Но прошло две недели, там и месяц. А из Москвы ни ответа, ни привета. Вот и выходит, своим приездом москвичей так напугал, что они даже поздравительные открытки слать перестали. Два года уже молчат: боятся, чай, что омут их потревожат. Петр, младшой-то наш, потом с Дмитрием по телефону переговорил, так он будто не получал никакого письма. Не получал, понимаешь ли… — Макарыч тяжело распрямил поникшие сухие плечи и, глянув на настенные ходики с деревянной кукушкой, спохватился: — Эка я тебя замордовал! Старею, сынок, жалиться начал. Раньше-то казаковал. В три дыха жил, не до слёз было. А теперь всё — отбегался, отсвадьбовал. Да и старуха зовёт. Видно, плохо ей там одной… Ну, пойдём, гость дорогой, трошки отдохнём. А завтра и твоих родителей навестим, и Марию Семёновну проведаем.

С удовольствием вытянувшись и потонув в пуховой перине, я ещё некоторое время думал о стариках Митренковых и их первенце Дмитрии, бывшем смирном пареньке. Потом сквозь дремоту мелькнула мысль: «Лжедмитрий…» — и всё пропало…
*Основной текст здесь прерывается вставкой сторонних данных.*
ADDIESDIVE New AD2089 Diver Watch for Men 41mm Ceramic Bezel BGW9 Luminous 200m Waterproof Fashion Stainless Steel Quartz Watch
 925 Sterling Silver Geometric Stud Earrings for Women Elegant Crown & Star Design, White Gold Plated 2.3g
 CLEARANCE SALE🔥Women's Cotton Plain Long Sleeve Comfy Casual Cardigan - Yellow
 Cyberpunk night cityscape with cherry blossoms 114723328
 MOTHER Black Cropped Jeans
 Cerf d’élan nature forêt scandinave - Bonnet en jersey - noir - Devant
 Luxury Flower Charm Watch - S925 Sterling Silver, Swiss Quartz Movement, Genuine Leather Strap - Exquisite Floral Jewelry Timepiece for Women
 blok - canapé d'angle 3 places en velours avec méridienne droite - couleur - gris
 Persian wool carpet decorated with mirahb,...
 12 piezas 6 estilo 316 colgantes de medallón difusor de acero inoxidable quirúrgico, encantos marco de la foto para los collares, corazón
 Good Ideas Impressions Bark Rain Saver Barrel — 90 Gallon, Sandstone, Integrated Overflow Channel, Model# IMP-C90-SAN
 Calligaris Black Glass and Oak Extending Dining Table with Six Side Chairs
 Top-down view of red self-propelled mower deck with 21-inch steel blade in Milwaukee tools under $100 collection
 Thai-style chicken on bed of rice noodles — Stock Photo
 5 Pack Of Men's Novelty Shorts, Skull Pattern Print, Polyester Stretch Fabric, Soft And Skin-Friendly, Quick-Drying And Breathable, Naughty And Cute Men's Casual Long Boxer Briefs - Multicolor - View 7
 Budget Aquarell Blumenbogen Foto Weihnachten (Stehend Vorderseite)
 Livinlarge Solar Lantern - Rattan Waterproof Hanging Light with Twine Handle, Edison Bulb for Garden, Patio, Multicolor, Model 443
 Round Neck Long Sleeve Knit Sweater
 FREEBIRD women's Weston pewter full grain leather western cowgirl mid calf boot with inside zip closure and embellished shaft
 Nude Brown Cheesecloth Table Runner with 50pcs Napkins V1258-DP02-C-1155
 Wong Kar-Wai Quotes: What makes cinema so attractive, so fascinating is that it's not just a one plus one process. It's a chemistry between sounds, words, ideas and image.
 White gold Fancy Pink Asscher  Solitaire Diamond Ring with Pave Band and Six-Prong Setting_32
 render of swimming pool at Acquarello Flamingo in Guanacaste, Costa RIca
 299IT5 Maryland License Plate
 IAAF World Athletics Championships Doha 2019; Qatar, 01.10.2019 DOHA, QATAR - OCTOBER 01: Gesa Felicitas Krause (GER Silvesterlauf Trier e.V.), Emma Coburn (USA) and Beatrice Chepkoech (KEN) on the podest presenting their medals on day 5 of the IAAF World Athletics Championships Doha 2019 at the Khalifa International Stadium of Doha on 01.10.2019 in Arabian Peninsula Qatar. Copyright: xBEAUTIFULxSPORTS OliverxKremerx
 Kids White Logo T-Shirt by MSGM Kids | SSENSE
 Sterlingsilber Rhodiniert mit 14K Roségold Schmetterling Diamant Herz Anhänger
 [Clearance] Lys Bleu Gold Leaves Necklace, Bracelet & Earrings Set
Могилы моих родителей были аккуратно ухожены и убраны белыми самодельными цветами из бумаги, такими же, как на свежем холмике, под которым лежала сердобольная старуха Макарыча. Я сидел на низкой скамейке подле молчаливых надгробий и думал: «Какую надо иметь душу, чтобы в собственном непоправимом горе не забывать о посмертной услуге и разделить цветы скорби на три равных букета?! А ещё о том, кто придёт к родным могилам после нас, придут ли наши дети?»

На обратном пути Макарыча перехватила почтальонша. Она еще издали замахала ему рукой: дескать, не проходите мимо. Вам весточка. Весточкой с московским штемпелем оказался почтовый перевод на сто рублей. Старик посмотрел на пустое место для письменного сообщения. Сглотнул тугой комок, протянул бумажку почтальонше:

— Отправь, Маруся, назад.

И, сгорбившись, быстро зашагал к дому.